--- Prompt ---
Work out how many lines in the entries below include the word "Date". Give nothing but the number.

--- Scraped caption text data ---

※ ※ ※

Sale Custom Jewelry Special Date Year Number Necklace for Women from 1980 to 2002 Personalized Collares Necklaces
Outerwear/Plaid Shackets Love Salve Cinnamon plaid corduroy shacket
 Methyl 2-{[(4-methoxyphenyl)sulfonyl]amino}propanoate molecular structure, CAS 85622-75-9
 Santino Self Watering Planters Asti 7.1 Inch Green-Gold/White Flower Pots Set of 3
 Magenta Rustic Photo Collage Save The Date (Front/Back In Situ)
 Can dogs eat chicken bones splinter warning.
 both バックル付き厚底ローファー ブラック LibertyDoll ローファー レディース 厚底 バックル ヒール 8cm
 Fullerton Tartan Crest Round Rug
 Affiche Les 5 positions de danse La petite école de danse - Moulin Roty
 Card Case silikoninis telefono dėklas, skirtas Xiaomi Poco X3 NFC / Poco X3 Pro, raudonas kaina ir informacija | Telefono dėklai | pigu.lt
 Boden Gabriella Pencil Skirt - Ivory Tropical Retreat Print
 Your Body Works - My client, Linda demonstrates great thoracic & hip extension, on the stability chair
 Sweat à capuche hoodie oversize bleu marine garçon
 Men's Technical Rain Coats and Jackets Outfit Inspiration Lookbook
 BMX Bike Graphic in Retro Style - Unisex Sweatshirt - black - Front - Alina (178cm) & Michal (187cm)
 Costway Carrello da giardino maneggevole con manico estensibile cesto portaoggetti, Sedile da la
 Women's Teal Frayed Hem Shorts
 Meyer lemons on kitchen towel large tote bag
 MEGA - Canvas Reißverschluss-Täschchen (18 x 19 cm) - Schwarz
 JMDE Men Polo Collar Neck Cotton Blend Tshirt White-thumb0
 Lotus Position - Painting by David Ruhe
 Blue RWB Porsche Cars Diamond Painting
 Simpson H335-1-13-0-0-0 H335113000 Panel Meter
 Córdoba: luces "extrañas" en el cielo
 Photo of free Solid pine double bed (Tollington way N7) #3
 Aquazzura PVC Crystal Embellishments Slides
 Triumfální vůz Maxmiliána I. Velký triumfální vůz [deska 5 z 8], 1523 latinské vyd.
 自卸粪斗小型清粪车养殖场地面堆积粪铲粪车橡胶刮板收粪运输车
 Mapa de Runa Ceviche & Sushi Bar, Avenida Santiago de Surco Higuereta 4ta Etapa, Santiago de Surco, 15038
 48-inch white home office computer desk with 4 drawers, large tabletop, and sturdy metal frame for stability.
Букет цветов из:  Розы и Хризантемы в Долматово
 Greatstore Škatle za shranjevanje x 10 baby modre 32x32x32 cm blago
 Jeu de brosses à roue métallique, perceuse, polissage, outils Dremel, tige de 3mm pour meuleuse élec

※ ※ ※

--- Result for this exercise ---
2